Many people also don’t know the trends that occur or the statistics that relate to injury. A lot of this information had been mainly for academic or medical uses only, but not for the public. The public’s knowledge on injury is mainly grounded on the media and it’s representation of injuries. Using a Pediatric Trauma Database from 2007-2012 and a paper on Pediatric Trauma, I have compiled a plethora of graphs and charts that represent injuries, not as accidents, but as something that can be predictable and hopefully preventable.

INJURY DEMOGRAPHICS

The following graphs show a few demographics on how injuries affect different ethnicity, age, gender, and locations in Connecticut. In terms of ethnicity, people of white descent make up the majority of injury patients who are serviced at Connecticut’s Children Medical Center, followed by people who did not give a specific ethnicity. Followed by those groups are Hispanics, Blacks, and then Asians.

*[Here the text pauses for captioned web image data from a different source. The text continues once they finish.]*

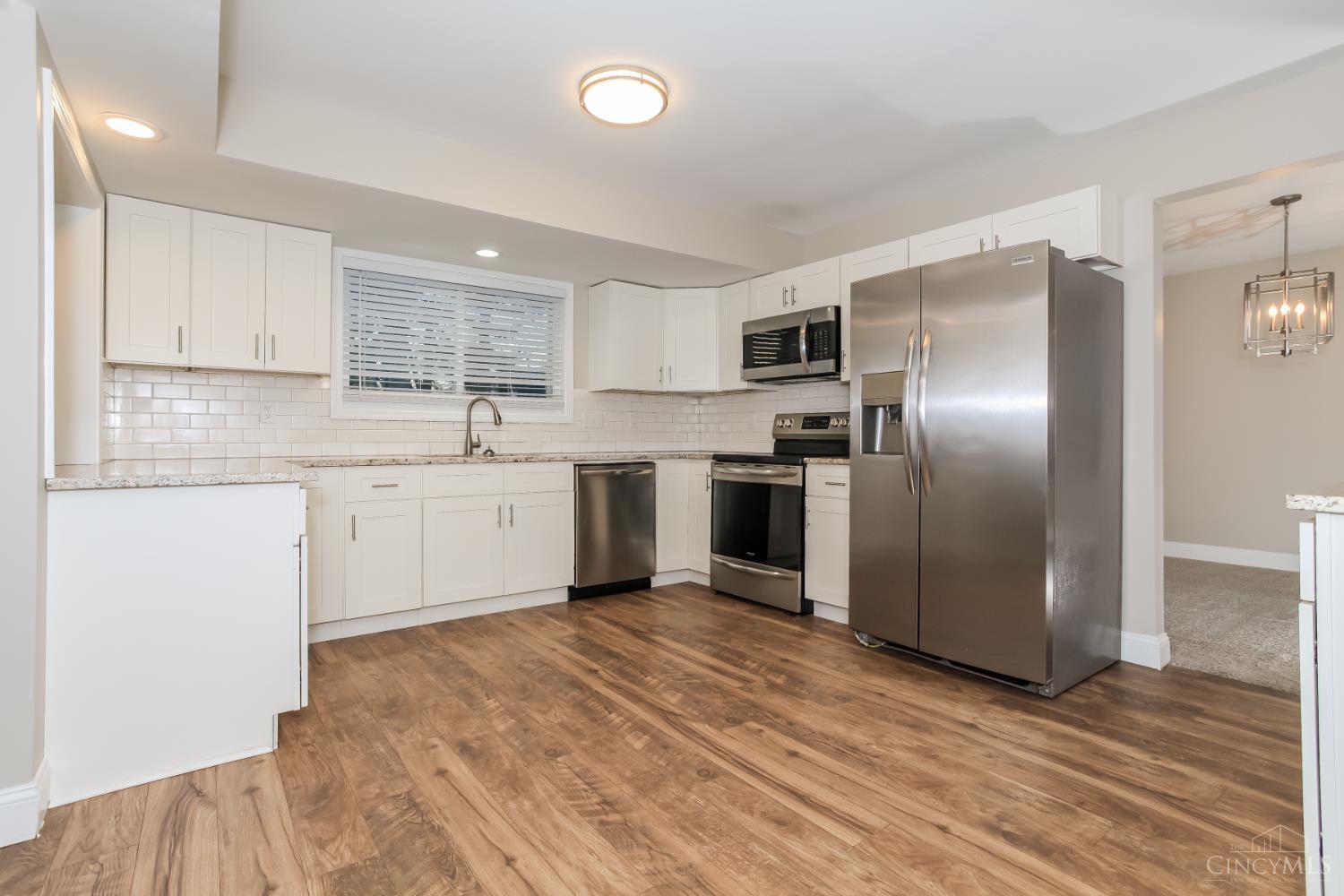 1194 Meadow Knoll Court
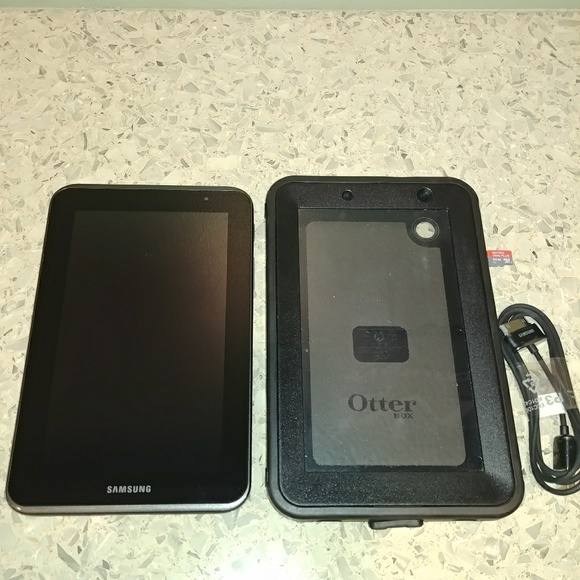 Samsung Galaxy Tab 2 (7.0) ✨ bundle - Picture 1 of 4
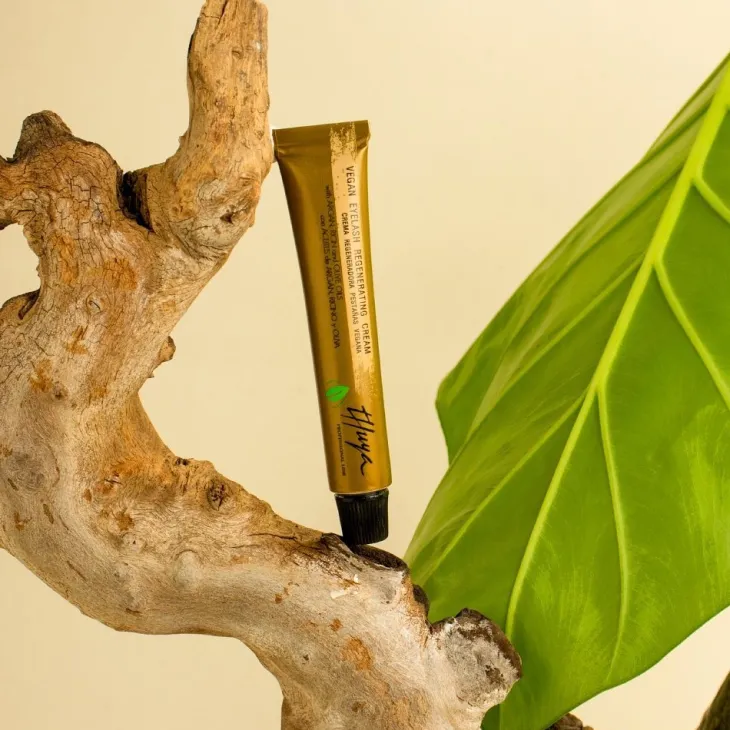 Thuya Vegan Eyelash Regenerating Cream wegański arganowy regeneracyjny krem do brwi i rzęs 15 ml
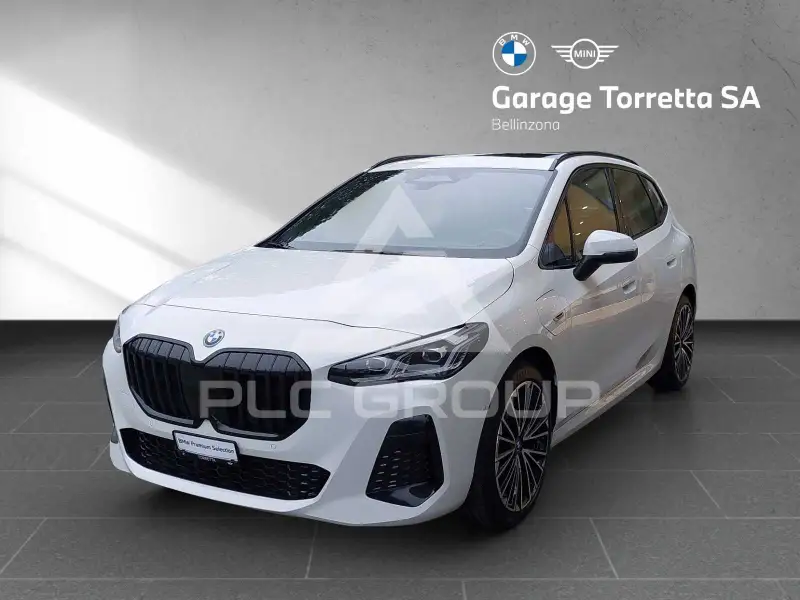 2023 BMW 218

For age groups, interestingly, the majority of male patients are aged 5-9, but there is a decrease after the age of 9. For females however, there is an increase of injury patients during early and late adolescence. Overall however, males suffer from injuries more than females.

The next graph shows where the majority of injuries occur. There are more injuries that occur at home more than any other location. The next location where injuries occur the most are in recreational areas, such as parks. These injuries may include sport injuries, or anything involving physical activity.

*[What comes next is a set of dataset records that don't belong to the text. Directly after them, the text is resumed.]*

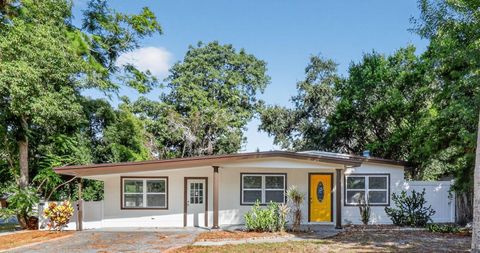 Photo of 1340 Overlea Street, Clearwater, FL 33755 (MLS # O6360405)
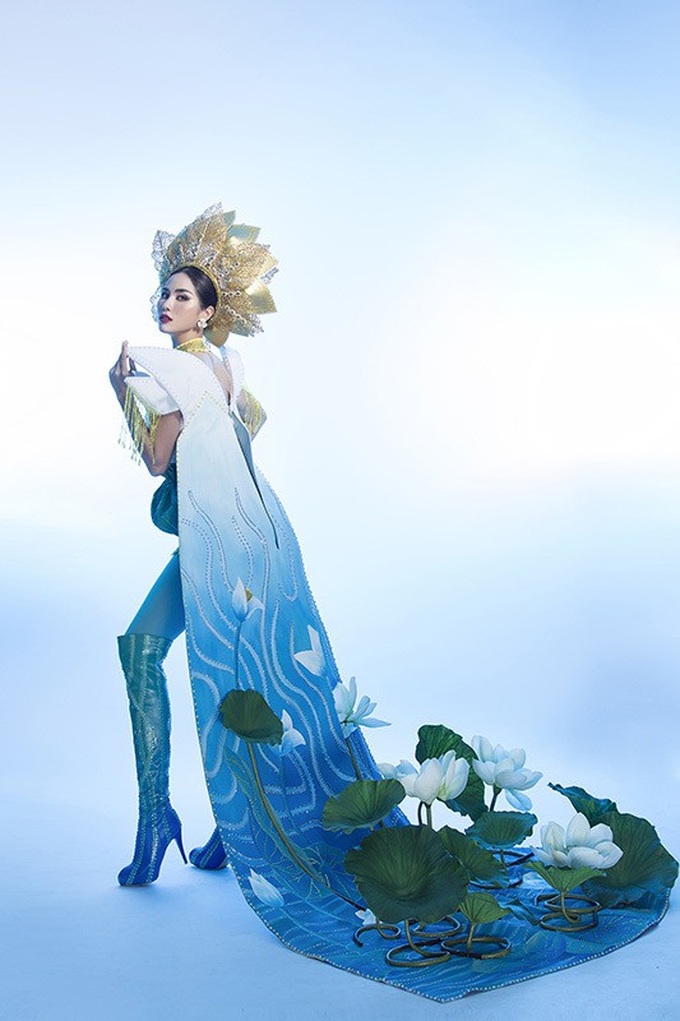 Trang phục dân tộc đính 5000 viên pha lê của đại diện Việt Nam tại Miss Earth 2019 - Ảnh 2. Trang phục dân tộc đính 5000 viên pha lê của đại diện Việt Nam tại Miss Earth 2019 - Ảnh 2.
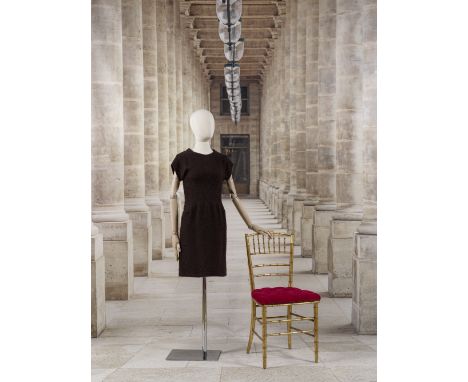 Balenciaga, collection Haute Couture, Automne-Hiver 1964. Robe de jour en lainage bouclette marron.Création Cristobal Balenci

This next graph focuses on the Injuries based on Mean age. This graph represents the most common injuries per mean age group. For instance as the title suggests, falls are the most common injury that patients come to the hospital for. Also, falls are more likely to happen to young children.

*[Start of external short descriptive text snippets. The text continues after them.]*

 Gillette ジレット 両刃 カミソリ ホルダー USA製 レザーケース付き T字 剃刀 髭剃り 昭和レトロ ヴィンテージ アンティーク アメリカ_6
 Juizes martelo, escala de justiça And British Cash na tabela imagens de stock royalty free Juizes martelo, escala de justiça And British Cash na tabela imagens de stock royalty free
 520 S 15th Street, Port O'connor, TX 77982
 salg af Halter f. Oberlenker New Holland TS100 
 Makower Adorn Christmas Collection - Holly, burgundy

The next map shows the distribution of patients serviced at CCMC based on the patient’s home town. The majority of patients come from the immediate Hartford area, which is not surprising because CCMC is located in Hartford.

The following graphs represent injuries over time. In the first line graph, we can see that during the day, patients come in the hospital more frequently at night than the day. This does not mean that the patients had their injuries occur during the night, but it is possible that the majority of injuries do.

INJURY BASED ON TIME

During the day of the week Saturdays have the most injuries.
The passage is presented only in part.